The Play Ransomware Gang's Attack on Unico Data

The Play ransomware gang has attacked Unico Data. Unico Data designs IT solutions to facilitate the smooth operation of Swiss companies. Unico Data has 29 employees and is headquartered in Switzerland. Play published Unico Data's details to its dark web leak site on June 2nd, claiming it will publish all 2.8TB of company data by June 11th if the company fails to pay an unspecified ransom.

A message left on Unico Data's answering machine confirmed the attack, saying: "Unfortunately, we are currently affected by a cyberattack, which has led to a precautionary shutdown of all systems." The incident has had knock-on effects on other European companies, including Pathe, PB Swiss Tools, and Boes Group.

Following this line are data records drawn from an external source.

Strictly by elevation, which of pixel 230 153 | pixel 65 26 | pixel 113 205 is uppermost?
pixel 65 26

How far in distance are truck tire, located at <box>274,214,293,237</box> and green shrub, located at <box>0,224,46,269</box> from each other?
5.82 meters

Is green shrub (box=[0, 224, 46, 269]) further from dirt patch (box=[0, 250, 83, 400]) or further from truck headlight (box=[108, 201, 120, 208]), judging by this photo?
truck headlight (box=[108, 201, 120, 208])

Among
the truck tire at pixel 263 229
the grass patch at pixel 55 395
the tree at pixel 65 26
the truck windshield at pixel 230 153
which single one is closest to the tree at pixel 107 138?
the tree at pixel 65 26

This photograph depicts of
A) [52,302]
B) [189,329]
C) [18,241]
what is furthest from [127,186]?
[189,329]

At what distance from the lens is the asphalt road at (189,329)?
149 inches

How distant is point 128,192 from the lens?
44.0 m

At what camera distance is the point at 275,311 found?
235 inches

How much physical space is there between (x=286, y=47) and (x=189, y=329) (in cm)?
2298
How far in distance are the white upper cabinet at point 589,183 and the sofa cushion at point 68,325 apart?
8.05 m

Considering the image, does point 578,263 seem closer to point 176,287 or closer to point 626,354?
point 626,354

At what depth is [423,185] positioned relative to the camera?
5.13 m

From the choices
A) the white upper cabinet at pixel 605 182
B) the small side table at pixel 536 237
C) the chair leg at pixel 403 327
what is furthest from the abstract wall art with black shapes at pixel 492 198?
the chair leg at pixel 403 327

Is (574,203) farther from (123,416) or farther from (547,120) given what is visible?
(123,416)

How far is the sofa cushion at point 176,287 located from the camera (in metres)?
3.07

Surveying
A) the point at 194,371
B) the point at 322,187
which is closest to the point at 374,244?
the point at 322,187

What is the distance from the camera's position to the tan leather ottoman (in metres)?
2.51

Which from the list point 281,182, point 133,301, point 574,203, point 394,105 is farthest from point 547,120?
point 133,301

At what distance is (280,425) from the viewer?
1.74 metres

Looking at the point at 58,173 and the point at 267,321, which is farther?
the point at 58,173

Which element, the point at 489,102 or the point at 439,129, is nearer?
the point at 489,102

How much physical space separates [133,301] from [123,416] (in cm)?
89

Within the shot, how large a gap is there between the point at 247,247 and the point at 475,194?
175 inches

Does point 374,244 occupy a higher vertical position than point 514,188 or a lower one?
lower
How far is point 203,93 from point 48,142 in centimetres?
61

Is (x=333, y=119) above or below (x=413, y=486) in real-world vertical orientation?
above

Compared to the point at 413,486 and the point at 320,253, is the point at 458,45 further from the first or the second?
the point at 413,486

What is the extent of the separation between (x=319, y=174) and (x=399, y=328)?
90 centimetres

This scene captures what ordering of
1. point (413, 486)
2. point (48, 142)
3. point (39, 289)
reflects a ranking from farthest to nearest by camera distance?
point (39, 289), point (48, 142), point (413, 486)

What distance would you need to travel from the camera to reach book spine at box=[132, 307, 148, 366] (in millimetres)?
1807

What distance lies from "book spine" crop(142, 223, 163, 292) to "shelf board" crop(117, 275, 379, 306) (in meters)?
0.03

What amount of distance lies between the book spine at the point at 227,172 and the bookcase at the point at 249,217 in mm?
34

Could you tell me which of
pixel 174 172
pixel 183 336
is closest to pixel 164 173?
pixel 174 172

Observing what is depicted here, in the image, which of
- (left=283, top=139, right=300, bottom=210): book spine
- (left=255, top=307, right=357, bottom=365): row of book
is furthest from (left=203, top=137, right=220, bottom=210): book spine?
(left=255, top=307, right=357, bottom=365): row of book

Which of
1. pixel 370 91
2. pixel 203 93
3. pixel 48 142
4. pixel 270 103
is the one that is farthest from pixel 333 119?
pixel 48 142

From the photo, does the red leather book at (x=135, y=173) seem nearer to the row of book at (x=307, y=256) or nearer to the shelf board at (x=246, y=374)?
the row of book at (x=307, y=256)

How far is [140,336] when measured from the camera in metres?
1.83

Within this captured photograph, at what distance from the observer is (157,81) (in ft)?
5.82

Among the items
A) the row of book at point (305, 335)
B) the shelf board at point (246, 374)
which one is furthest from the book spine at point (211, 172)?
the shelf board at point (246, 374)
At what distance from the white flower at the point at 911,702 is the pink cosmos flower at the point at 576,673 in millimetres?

Background on Play Ransomware

Play ransomware (aka PlayCrypt) is a newer ransomware group that emerged in the summer of 2022 with high-profile attacks on the City of Oakland, Argentina's Judiciary, and German hotel chain H-Hotels. Play has similarities to Hive ransomware and is known to leverage tools like Cobalt Strike for post-compromise lateral movement and SystemBC RAT for persistence, as well as Mimikatz and living-off-the-land binaries (LOLBins) techniques. There is little information on how much Play demands for a ransom, but they have thus far made good on their threats to leak the data of those who refuse payment.